- _PROBLEM STATEMENT_: Look below for the line with "this 403×839 image."; begin the copy there and stop after the line with "this 640×480 image.", keeping the text exact and the pictures out.

- _EXERCISE INPUT_:
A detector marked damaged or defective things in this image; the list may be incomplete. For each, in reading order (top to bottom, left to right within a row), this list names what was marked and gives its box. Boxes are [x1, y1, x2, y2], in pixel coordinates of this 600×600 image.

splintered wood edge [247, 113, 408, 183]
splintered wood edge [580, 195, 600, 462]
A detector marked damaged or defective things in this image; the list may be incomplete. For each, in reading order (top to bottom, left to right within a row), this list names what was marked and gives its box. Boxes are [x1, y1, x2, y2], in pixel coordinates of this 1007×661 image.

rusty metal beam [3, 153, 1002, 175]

...

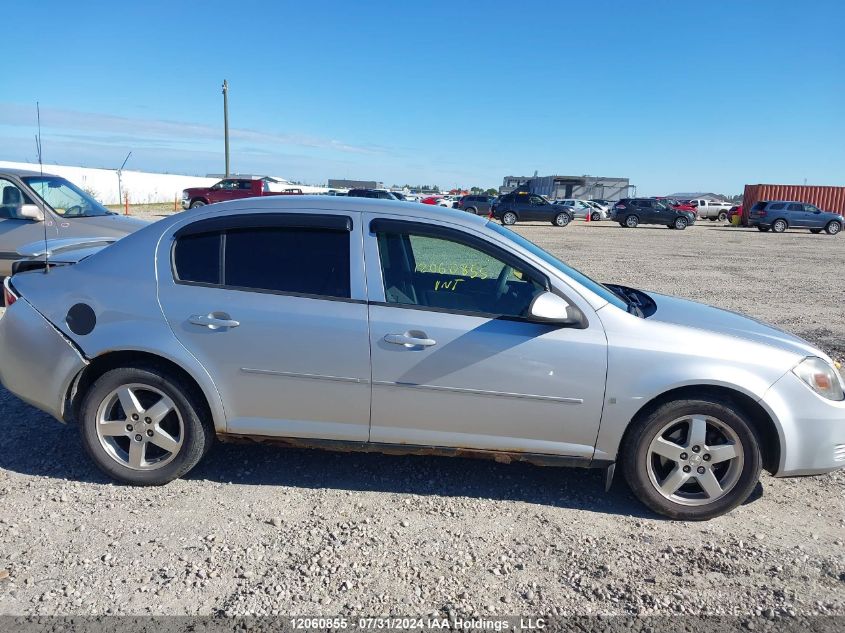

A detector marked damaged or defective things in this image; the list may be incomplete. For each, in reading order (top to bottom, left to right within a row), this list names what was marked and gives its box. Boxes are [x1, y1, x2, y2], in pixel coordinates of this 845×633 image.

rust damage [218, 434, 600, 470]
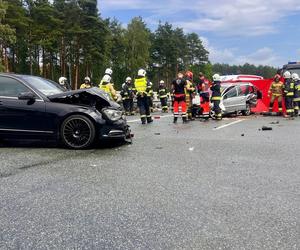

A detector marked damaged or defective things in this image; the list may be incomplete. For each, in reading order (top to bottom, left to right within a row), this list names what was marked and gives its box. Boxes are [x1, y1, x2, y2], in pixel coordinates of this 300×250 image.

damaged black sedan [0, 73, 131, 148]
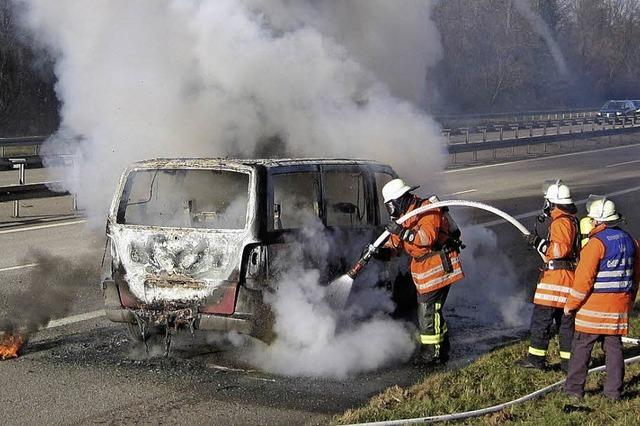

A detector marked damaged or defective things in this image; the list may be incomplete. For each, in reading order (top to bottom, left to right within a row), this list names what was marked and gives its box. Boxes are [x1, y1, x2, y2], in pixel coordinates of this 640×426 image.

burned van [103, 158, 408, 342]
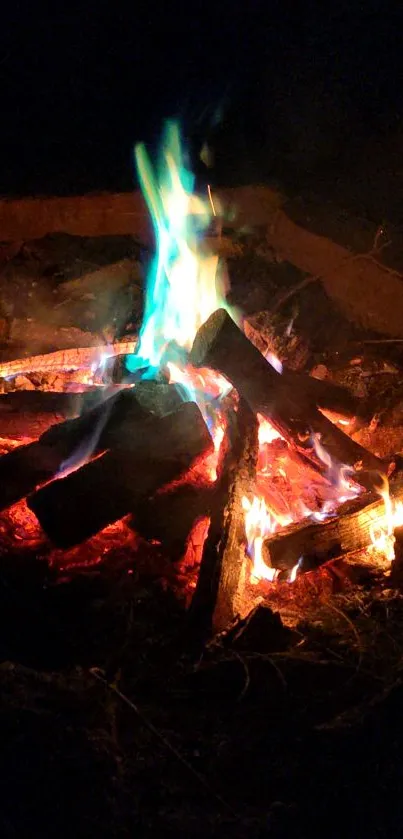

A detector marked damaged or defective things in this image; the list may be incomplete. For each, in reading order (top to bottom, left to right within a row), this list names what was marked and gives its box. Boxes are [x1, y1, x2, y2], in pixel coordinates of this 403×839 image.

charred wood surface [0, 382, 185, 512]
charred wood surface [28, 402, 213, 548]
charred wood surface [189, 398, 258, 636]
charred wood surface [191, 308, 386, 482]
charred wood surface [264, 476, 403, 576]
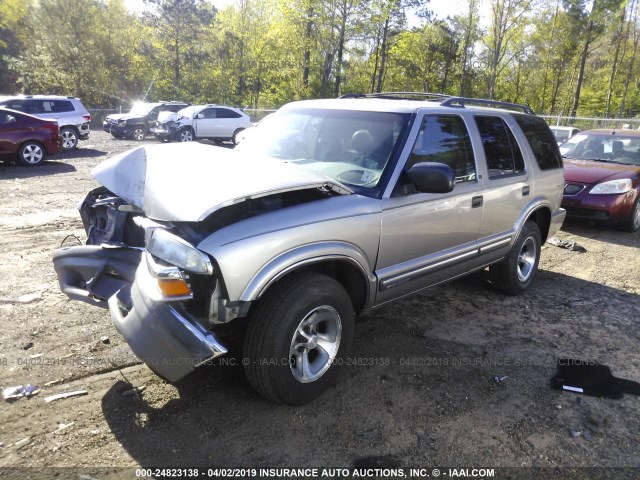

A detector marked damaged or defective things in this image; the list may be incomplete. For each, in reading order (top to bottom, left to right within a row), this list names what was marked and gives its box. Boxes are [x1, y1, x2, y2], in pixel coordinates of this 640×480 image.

* * *

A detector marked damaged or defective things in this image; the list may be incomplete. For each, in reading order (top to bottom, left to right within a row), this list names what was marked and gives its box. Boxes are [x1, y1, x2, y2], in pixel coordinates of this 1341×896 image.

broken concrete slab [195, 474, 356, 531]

- _SOLUTION FOR THIS TASK_:
A detector marked damaged or defective things in this image; the list may be incomplete. For each, in reading order (top to bottom, left to right within a row), this list names what was marked and gives its box. Boxes are [x1, y1, x2, y2], in pixel coordinates of this 403×839 image.

charred wood surface [0, 382, 185, 512]
charred wood surface [28, 402, 213, 548]
charred wood surface [189, 398, 258, 636]
charred wood surface [191, 308, 386, 482]
charred wood surface [264, 476, 403, 576]

A detector marked damaged or defective things in this image; the list may be incomplete. For each, in reading order (top to bottom, left to right within a row), this list names what was marked and gives its box. Boxes are [x1, y1, x2, y2], in pixel coordinates of this 640×480 image.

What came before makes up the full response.